Egemen Temerrüdü Anlamak

Devlet borcundaki yatırımcılar, devlet temerrüdü riskini belirlemek için bağımsız borçluların mali durumunu ve siyasi mizacını yakından inceler. Devlet temerrütleri nispeten nadirdir ve genellikle temerrüde düşen ulusu etkileyen bir ekonomik krizle ortaya çıkar. Ekonomik gerileme, siyasi kargaşa ve aşırı kamu harcamaları ve borçları, devletin temerrüdüne yol açan uyarı işaretleri olabilir.

Potansiyel borç verenler veya tahvil alıcıları bir hükümetin borcunu geri ödeyemeyeceğinden şüphelenmeye başlarlarsa, bazen temerrüt riskini telafi etmek için daha yüksek bir faiz oranı talep edeceklerdir. Bu bazen, bir hükümetin borcunu ödeyemeyeceği korkusuyla karşı karşıya kaldığı faiz oranındaki dramatik bir yükseliş olan egemen borç krizi olarak adlandırılır. Kısa vadeli tahviller yoluyla finansmana güvenen hükümetler, kısa vadeli tahviller kısa vadeli tahvil finansmanı ile bir ülkenin vergi tabanının uzun vadeli varlık değeri arasında bir vade uyuşmazlığı durumu yarattığından, özellikle bir devlet borç krizine karşı savunmasız olabilir.

Bir ülkenin temerrüdü veya temerrüt riskinde bir artış olması durumunda, bir ülkenin kredi notu muhtemelen zarar görecektir. Bir kredi derecelendirme kuruluşu, ülkenin faiz giderlerini, gereksiz ve prosedürel temerrütleri ve tahvil veya diğer borçlanma araçlarının şartlarına uymama durumlarını dikkate alacaktır.

Bununla birlikte, egemen bir temerrüde ilişkin belki de en büyük endişe, daha geniş ekonomi üzerindeki etkidir. Örneğin Amerika Birleşik Devletleri’nde birçok ipotek, araba kredisi ve öğrenci kredisi ABD Hazine oranlarına bağlıdır. Borçlular, borç temerrüdü nedeniyle önemli ölçüde daha yüksek ödemeler yaşayacak olsaydı, sonuç, mal ve hizmetlere harcanacak önemli ölçüde daha az harcanabilir gelir olurdu ve bu da nihayetinde bir durgunluğa yol açabilir.
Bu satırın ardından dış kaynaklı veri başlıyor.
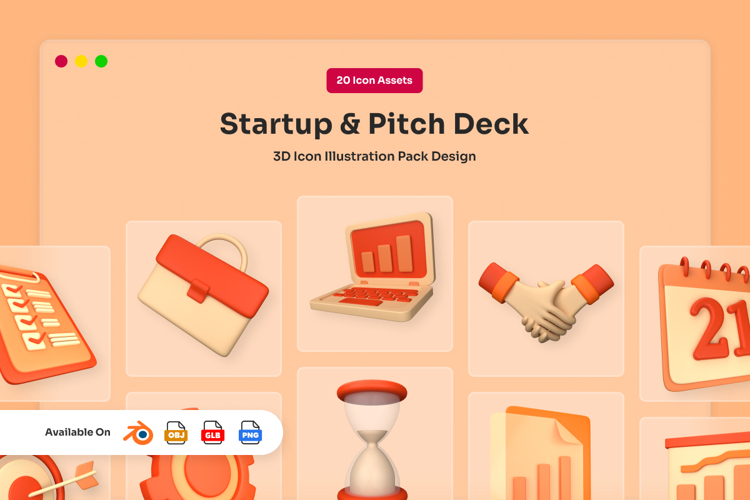 Startup & Investor Pitch 3D Icon Pack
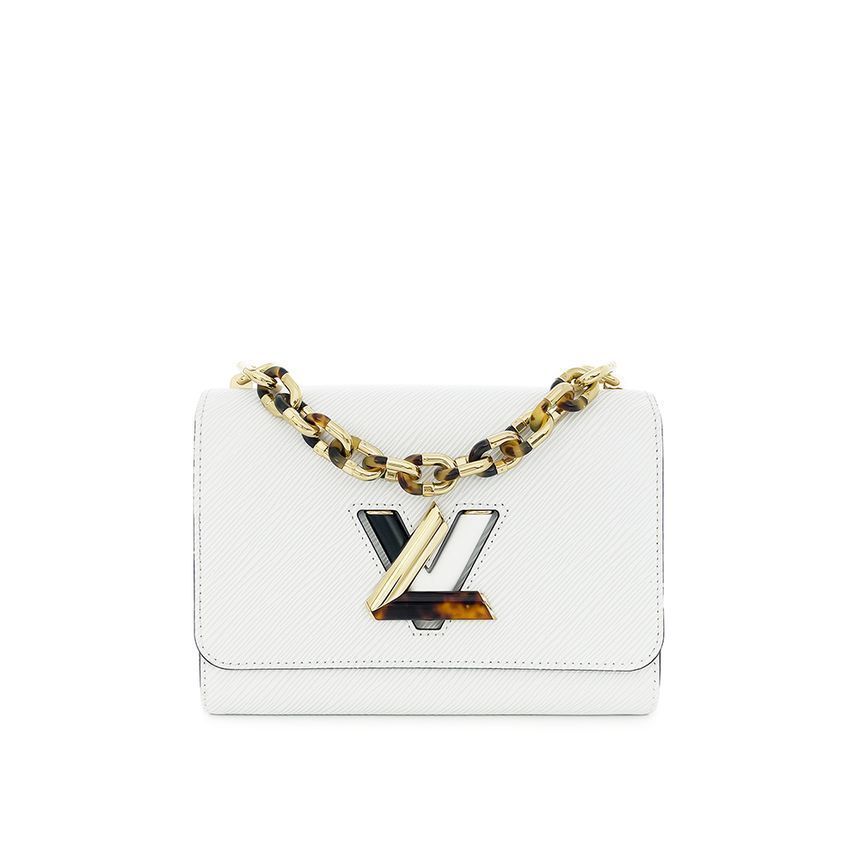 Louis Vuitton Twist MM White/Black Gold Trim 5ET0349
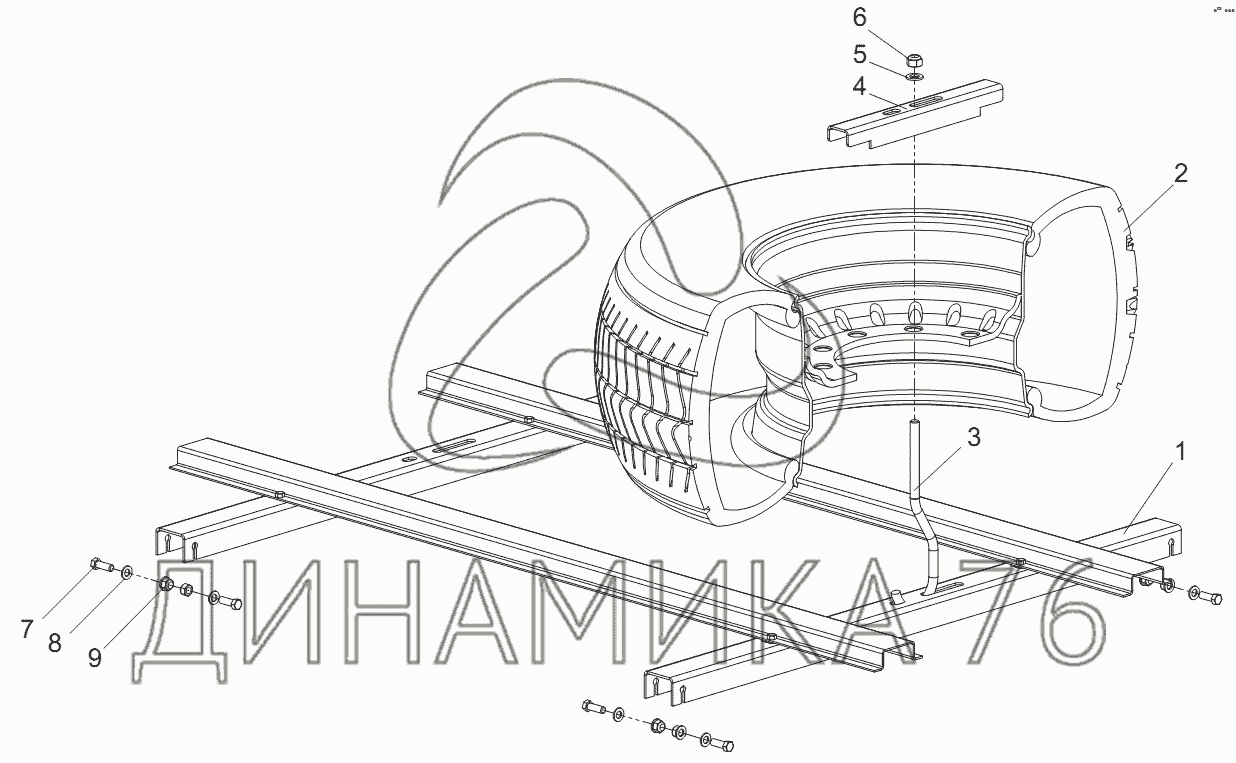 Установка запасного колеса 97462-3105500 на Тонар-9746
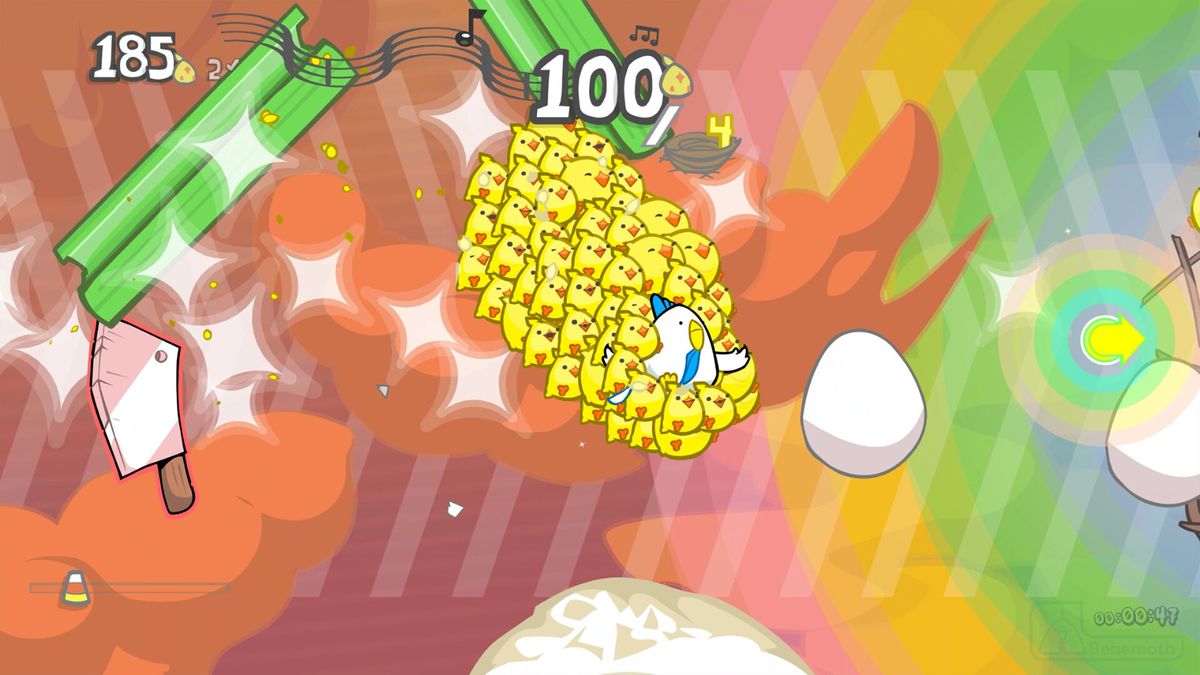 鸡长在空中飞行时收集玉米糖的画面，周围漂浮着其他雏鸡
Bazı ülkeler, devlet borçları için ödeme yapma konusunda mükemmel sicillere sahiptir ve hiçbir zaman resmi olarak temerrüde düşmemişlerdir. Bu ülkeler arasında Kanada, Danimarka, Belçika, Finlandiya, Malezya, Mauritius, Yeni Zelanda, Norveç, Singapur, İsviçre ve İngiltere bulunmaktadır.

Örtük Egemen Temerrüt

Son birkaç on yılda, özellikle yabancı para birimi cinsinden borç alan ülkeler tarafından birkaç hükümet temerrüdü yaşandı. Temerrüt gerçekleştiğinde, hükümetin tahvil getirileri hızla yükselir ve ülke içi ve çoğu zaman dünya ekonomisinde bir dalgalanma etkisi yaratır.
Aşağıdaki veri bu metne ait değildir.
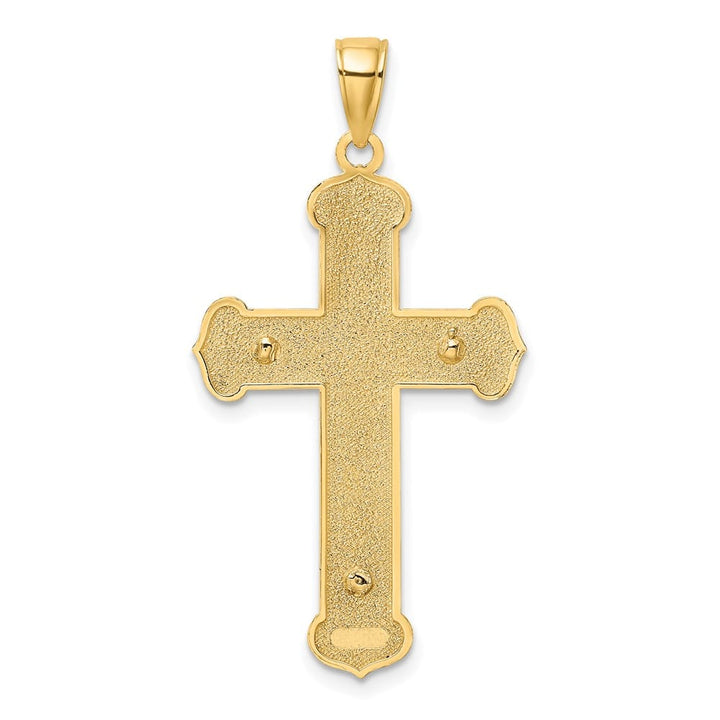10K Two-Tone Gold Solid Polished Textured Large Crucifix Charm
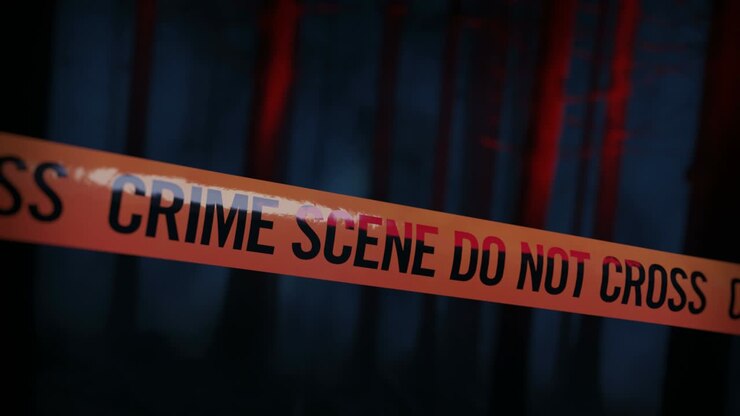 Nastro della polizia sulla scena del crimine in loop 02
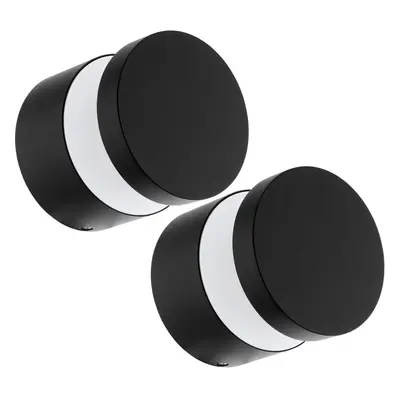 2 PACK IP44 Outdoor Wall Light Black Aluminium Round 11W LED Porch Lamp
Enflasyon bazen ülkelerin borçlarının gerçek yükünden kurtulmalarına yardımcı olmuştur. Bir ülke kendi para birimini ihraç ettiğinde ve bu para biriminde borç aldığında, borcunu geri ödemek için daha fazla para birimi yaratma seçeneğine sahiptir. Çoğu zaman, bu, hükümetin daha sonra harcayabileceği yeni yaratılmış para karşılığında yeni çıkarılan devlet borcunu satın alan ve tutan (veya sürekli olarak devralan) bir hükümetin merkez bankasının çalışmasıyla gerçekleştirilir. Bu uygulama nicel genişleme (QE) olarak bilinen şu anda yaygın olan para politikasına benzer.
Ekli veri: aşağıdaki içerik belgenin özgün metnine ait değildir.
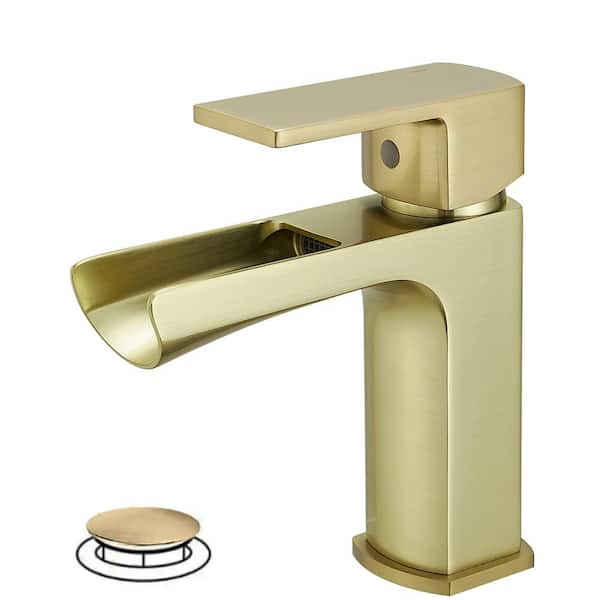 Single Handle Single Hole Bathroom Faucet with Drain Included, Waterfall Bathroom Faucet in Brushed Gold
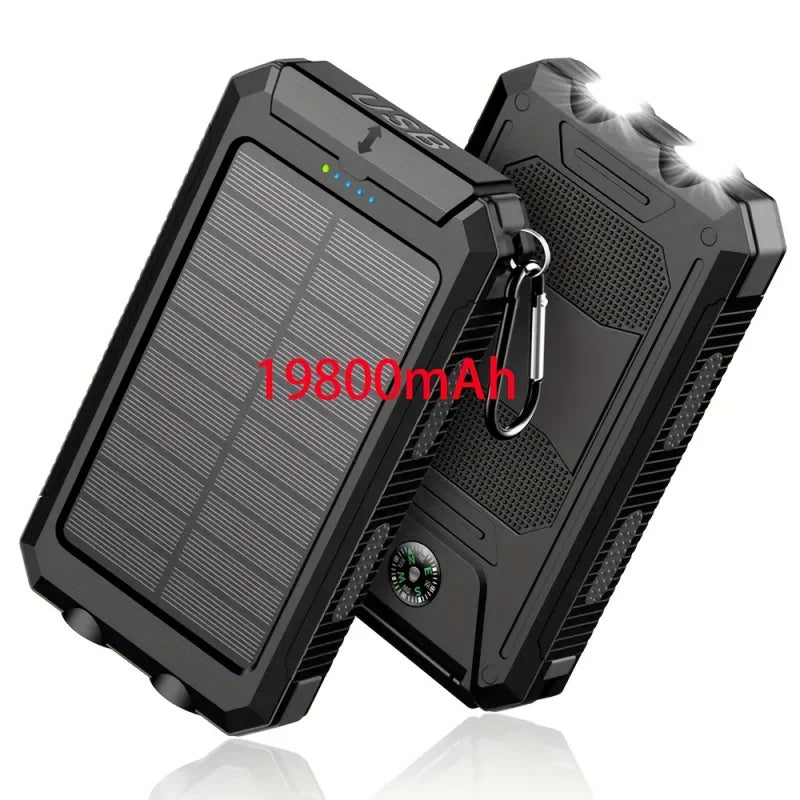 20000mAh Portable Solar Power Bank, Portable Solar Mobile Phone Charger, Camping External Battery Charger for Mobile Phones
Diğer zamanlarda, aşırı borçla karşı karşıya kaldıklarında, bazı hükümetler kendi borçlarına uygulamak için daha fazla para basılarak bunu yaptıkları para birimlerinin değerini düşürdüler. Geçmişte bu, para birimlerinin sabit oranlarda değerli metallere veya metal destekli dövize dönüştürülebilirliği sona erdirilerek veya değiştirilerek de başarılıyordu.

Bu uygulamalar, hükümetin borcunun, satın alma gücünün çoğunu kaybetmiş olan para cinsinden nominal olarak geri ödenmesi ile sonuçlanması bakımından, devlet borcunun zımni bir temerrüdünü temsil eder. Resmi bir temerrüt gibi, hükümdar için artan faiz oranlarına ve borç verenlerin ülkenin borcunu satın alma veya tutma istekliliğinin azalmasına neden olabilirler.

Genel olarak mükemmel bir rekora rağmen, Birleşik Devletler   tarihi boyunca teknik olarak birkaç kez temerrüde düşmüştür. Örneğin 1979’da Hazine, yazım hatası nedeniyle 122 milyon dolarlık borcun faiz ödemelerini geçici olarak kaçırdı. Devlet borçlarını ödeyebilse bile, borç limiti üzerindeki dönemsel çatışmaların bize hatırlattığı gibi, yasa koyucular bunu yapmaya istekli olmayabilir.